You have scaled and improved your e-commerce platform to handle a big event like Black Friday. The Black Friday began, you have sold many products and everything is going well, but suddenly you receive a notification alarm telling you that the leader replica is down and is not recoverable, what are the consequences?

Leaders are the write replicas of the database, so if the leader is down, no new writes can be done, it means that your customers won't be able to buy any new product in your e-commerce. To avoid this, you have to adopt the failover
process. Failover is a process that consists of:

Promoting a follower to be the new leader (election)
Reconfigure the clients to send their writes to the new leader
Reconfigure the followers to start consuming data changes from the new leader

The failover process can be done manually or automatically, it will depend on your configuration.

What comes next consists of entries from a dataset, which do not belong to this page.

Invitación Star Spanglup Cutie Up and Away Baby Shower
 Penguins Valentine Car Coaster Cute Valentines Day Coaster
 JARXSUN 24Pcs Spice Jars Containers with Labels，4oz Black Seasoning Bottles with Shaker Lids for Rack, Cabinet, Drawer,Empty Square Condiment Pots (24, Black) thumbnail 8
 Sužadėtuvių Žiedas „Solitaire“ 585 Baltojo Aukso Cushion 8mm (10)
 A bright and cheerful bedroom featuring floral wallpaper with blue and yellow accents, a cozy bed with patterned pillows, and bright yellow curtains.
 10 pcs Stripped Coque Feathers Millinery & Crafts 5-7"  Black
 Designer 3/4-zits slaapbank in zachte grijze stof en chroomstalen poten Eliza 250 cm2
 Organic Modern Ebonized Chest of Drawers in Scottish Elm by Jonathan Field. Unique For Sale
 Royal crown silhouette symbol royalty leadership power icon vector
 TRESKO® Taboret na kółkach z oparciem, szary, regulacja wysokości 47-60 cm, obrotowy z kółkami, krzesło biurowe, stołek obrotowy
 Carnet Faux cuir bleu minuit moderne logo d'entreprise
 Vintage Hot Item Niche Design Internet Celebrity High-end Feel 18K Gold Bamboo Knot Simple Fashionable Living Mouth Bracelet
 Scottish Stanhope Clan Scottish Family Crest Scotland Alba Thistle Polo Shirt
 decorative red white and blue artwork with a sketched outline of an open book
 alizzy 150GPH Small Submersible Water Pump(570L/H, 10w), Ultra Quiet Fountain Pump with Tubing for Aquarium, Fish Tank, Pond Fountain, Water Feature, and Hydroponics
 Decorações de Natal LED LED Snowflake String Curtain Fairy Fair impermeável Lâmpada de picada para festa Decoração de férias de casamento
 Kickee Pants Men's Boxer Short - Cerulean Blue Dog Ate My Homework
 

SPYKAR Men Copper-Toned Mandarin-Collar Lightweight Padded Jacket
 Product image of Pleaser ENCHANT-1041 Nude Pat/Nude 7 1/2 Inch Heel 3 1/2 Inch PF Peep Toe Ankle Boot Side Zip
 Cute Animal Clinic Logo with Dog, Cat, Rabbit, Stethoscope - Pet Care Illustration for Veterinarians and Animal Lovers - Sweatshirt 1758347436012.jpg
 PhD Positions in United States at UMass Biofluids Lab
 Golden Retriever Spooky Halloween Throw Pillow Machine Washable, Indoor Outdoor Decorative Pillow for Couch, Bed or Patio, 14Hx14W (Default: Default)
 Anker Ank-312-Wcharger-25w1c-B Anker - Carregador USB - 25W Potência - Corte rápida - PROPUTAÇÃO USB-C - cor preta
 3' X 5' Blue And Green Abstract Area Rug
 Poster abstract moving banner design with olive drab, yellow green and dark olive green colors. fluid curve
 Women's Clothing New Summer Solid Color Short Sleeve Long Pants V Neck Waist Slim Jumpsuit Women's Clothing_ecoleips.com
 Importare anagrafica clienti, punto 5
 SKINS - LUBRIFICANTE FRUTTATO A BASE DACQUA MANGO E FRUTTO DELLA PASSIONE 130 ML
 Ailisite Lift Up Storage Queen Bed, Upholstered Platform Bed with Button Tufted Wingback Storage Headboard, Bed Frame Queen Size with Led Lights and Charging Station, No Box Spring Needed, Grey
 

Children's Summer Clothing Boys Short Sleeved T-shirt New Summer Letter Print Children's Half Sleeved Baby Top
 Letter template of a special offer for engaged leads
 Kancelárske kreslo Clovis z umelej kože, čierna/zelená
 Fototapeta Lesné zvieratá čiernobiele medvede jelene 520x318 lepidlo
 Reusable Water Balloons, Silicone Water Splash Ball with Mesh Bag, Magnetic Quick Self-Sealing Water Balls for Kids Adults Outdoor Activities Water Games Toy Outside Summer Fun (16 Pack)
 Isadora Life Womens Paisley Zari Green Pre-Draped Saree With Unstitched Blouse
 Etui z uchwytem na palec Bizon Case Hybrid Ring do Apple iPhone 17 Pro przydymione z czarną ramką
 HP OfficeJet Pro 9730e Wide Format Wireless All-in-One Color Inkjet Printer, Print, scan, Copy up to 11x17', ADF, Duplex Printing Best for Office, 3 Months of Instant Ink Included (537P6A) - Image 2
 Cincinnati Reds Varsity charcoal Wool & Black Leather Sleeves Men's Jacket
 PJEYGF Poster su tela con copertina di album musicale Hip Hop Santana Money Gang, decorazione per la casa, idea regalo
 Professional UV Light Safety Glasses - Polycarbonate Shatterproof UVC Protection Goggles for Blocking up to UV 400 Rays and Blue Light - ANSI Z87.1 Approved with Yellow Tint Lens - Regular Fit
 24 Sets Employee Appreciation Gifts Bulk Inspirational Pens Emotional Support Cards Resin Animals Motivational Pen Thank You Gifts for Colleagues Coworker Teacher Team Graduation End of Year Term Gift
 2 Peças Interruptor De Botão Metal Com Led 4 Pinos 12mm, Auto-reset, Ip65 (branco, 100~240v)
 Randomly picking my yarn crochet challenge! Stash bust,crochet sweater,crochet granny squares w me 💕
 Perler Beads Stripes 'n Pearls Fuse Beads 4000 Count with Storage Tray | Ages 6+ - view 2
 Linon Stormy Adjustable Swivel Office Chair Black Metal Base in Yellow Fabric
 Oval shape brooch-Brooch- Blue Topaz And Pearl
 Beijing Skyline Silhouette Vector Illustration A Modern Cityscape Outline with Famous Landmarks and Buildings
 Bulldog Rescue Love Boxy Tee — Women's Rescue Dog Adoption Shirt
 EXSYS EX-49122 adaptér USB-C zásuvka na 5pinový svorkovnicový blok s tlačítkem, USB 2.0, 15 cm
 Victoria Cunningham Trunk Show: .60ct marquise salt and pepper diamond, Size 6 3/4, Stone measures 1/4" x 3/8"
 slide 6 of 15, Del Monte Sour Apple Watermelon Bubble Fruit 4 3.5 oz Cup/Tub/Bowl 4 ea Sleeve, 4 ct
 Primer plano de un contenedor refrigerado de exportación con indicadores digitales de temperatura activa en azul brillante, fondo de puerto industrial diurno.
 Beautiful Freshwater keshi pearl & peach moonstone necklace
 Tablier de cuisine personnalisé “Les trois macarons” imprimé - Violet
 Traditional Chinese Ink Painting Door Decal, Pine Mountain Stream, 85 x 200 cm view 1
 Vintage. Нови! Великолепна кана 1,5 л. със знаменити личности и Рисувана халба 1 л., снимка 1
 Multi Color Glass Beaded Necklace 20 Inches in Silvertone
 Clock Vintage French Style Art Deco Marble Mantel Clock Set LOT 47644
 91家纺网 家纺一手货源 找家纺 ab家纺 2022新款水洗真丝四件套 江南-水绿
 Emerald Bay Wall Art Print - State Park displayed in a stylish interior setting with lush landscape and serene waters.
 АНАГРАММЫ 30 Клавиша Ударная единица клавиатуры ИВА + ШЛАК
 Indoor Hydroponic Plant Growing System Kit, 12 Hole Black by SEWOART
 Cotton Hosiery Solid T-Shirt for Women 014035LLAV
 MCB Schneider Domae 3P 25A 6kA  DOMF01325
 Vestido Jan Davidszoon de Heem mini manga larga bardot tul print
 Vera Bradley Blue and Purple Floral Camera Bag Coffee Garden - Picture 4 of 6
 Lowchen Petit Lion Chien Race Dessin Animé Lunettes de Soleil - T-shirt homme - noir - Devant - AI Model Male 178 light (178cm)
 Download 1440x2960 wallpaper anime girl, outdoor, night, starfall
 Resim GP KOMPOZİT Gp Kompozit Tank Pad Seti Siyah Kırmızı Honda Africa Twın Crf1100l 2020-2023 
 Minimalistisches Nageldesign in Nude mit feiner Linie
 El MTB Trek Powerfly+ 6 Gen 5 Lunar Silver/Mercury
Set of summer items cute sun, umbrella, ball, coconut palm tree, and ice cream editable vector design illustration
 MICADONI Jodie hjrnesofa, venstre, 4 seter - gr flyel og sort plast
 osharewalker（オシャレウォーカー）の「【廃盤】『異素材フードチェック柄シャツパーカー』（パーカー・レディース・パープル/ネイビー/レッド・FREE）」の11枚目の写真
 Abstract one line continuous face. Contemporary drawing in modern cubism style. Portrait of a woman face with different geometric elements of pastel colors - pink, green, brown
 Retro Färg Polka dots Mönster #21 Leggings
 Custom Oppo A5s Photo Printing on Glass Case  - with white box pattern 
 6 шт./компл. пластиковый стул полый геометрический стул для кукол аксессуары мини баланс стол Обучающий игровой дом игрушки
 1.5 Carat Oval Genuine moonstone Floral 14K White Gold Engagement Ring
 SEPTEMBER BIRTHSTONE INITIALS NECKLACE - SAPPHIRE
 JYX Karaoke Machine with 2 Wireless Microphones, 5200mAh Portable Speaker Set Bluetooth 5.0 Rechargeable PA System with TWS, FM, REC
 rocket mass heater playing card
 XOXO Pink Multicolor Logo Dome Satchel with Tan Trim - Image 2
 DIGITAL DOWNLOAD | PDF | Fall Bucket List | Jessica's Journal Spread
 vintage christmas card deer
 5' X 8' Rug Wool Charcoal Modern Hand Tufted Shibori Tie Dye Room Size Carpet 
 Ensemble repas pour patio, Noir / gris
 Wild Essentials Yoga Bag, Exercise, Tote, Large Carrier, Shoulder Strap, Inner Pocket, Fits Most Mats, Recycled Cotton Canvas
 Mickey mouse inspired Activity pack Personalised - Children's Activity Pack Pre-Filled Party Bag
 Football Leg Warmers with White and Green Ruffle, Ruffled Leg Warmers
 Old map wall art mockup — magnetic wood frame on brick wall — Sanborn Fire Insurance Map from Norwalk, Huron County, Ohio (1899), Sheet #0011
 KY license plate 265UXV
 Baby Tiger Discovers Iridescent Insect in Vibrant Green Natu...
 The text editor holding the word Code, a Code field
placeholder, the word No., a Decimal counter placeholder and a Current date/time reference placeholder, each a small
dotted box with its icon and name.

Multi-Leader and Leaderless replication

Multi-leader replication

Multi-leader replication is an alternative to single-leader replication (default). With single-leader replication there is just one leader, so it means that a single node will receive all the systems's writes. If this single leader fails, you can't write to the database until a new leader is elected.

Multi-leader replication solves this problem by allowing more than one node to accept writes. But how to maintain synced data across multiple leaders? There are three main techniques to achieve this:

Circular topology: a circle, one node writes to the next node
Star topology: like a tree, with a root that writes to the nodes top-down (leaves)
All-to-all topology: every node writes to every node

Leaderless replication

Leaderless replication is a replication that goes against the default pattern of leader-based replications. Nodes in the leaderless setting are considered peers and all of them accept writes and reads from the client. Without a leader that handles all write requests.

By adopting this strategy, your system will have availability improved, since the traffic will be better distributed along many nodes, but you might lose consistency, since the policies of writing are not so restrict. It is important to analyze which strategy is better for your product.

Summary

It's very important to take care of our data, and replication is a great way to improve the availability and performance of your database. There are many strategies to achieve this, and you can choose the one that fits better for your product.

In this article we introduced the concept of replication, and we saw the leader/follower pattern, which is the basis of almost all replication algorithms. We also saw the synchronous and asynchronous replication, and the semi-synchronous replication, which combines the best of both worlds. We also saw the failover process, which is the process to elect a new leader in case of failure. Finally, we saw the multi-leader and leaderless replication, which are alternatives to the default leader-based replication.

Although database replication is a great strategy to improve the availability and performance of your database, it is not a silver bullet, you have to understand the trade-offs and then make your choice. Systems with a very high throughput and extremely large datasets might not benefit from replication and you might have to use "Database Partitioning" instead.